Il mondo in cui la tragedia si svolge è un tempo distopico della nostra modernità, i fatti potrebbero avvenire oggi stesso così come in un passato recente o in un futuro dove le premesse del benessere sociale non si sono realizzate del tutto o non sono comunque un diritto per tutti. Gli unici ambienti che fanno da scena sono la casa della famiglia romanì e i parchi di una periferia degradata dove i giovani si ritrovano a ballare e amoreggiare. Manca qualsiasi tentativo di avere un world building coerente, in quanto la regista è del tutto disinteressata a creare una storia di fantascienza di stampo classico. E’ pur vero che con soli diciassette minuti sarebbe stato difficile dare un volto a una realtà futuribile. Il soggetto ci illude di avere qualcosa di analogo al Racconto dell’ancella o a Hunger Games, la regia sfrutta qualche spunto e poi migra verso la tragedia classica, lasciando da parte ogni what if immaginabile e anche ogni pretesa di impegno sociale a favore delle minoranze viene sminuita dai parallelismi con i drammi antichi.

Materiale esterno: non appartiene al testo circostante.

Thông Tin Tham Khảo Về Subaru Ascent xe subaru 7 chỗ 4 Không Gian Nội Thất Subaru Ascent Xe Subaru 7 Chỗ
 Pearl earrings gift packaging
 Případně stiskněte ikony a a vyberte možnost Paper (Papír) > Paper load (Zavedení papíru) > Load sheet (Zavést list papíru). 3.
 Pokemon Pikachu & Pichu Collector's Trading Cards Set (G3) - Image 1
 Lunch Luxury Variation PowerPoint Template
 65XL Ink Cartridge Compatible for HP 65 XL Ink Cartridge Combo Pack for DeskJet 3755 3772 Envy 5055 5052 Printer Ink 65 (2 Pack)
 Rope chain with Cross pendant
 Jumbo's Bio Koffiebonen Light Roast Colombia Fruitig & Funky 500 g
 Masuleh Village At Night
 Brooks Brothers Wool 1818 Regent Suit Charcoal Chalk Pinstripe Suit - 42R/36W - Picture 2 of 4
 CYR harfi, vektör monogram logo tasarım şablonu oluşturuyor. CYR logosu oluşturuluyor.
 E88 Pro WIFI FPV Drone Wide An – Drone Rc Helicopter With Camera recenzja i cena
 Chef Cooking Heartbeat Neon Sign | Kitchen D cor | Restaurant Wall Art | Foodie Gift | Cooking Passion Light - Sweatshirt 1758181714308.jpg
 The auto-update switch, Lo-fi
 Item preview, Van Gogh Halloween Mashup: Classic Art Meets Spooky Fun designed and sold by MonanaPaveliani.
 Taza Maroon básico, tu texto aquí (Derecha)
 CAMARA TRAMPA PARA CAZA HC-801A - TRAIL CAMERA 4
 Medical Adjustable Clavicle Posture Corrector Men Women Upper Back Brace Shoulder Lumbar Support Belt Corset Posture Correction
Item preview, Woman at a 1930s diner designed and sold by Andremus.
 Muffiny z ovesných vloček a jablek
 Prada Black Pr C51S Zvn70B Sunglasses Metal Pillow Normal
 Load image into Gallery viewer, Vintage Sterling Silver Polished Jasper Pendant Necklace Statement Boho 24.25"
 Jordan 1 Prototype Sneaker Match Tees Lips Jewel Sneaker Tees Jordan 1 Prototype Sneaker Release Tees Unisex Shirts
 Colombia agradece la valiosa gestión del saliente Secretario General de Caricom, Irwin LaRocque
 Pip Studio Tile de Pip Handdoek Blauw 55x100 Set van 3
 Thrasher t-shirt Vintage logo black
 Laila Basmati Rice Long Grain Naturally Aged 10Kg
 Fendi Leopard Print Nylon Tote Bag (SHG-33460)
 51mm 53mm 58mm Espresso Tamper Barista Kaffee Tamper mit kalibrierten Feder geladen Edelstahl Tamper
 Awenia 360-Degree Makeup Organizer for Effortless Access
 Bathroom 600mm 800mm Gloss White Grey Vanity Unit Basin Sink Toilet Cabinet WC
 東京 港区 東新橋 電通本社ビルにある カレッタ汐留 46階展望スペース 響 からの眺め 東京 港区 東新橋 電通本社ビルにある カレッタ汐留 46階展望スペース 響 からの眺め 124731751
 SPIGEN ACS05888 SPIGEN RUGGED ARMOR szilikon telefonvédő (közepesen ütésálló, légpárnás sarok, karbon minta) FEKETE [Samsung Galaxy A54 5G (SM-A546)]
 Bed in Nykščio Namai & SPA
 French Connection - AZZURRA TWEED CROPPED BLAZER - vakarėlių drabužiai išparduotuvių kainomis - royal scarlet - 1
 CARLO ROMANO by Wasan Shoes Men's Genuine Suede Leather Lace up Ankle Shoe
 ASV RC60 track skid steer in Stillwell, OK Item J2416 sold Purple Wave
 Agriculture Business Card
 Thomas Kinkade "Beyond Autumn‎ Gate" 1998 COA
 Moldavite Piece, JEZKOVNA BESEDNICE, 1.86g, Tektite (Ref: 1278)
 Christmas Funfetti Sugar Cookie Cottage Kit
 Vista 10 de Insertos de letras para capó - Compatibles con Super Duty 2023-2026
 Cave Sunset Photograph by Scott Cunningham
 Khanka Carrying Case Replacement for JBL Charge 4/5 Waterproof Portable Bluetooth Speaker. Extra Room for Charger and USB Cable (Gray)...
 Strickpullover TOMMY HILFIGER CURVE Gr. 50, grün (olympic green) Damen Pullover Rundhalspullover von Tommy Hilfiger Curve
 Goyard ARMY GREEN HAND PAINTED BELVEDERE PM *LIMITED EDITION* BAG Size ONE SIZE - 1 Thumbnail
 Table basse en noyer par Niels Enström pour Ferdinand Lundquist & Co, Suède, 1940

Il tradimento che viene perpetrato è molteplice, non solo quello verso l’eventuale appassionato di cinema di genere che s’aspettava una storia distopica e invece trova un dramma classico. Le tre protagoniste vengono tradite a partire dal venire al mondo a quelle condizioni. La stessa famiglia tradisce la sua storia di popolo nomade esperto nell’artigianato e nell’intrattenimento, accettando di sottostare a leggi crudeli in cambio di un modesto appartamento in una periferia degradata e di un non ben specificato lavoro. Il tradimento infine sfiora le tre ragazze.
La mancanza di un world building ben delineato rende meno facile capire quali alternative abbia la famiglia. Non sappiamo se sottostanno a leggi tanto crudeli in quanto ormai il mondo è globalizzato e ovunque subirebbero la stessa sorte, oppure se accettano perché credono che sia il primo passo per inserirsi e un domani poter dire la propria. Si ignora se potrebbero fuggire, se potrebbero abortire o farsi sterilizzare dopo il terzo nato, nascondere le gravidanze o ribellarsi in altra maniera. Di certo c’è che la famiglia, pur di inserirsi in quel mondo, accetta il sacrificio, tra la vergogna, l’ipocrisia, l’incapacità di ribellarsi. Ritualizza anche la condanna, con le ragazze che mettono in scena i loro talenti per venire scelte e risparmiate dai genitori e l’ultima cena preparata con cura, come se fosse una festa.
La storia può avere dei buchi logici dovuti alla necessità di concentrare la vicenda in un tempo troppo limitato, tuttavia è narrata con mano sicura, con immagini curatissime che da sole valgono la visione. Non è un caso se questo cortometraggio è stato presentato nella sezione Orizzonti della 79° Mostra del Cinema di Venezia.
Cuccussette vi ringrazia della lettura.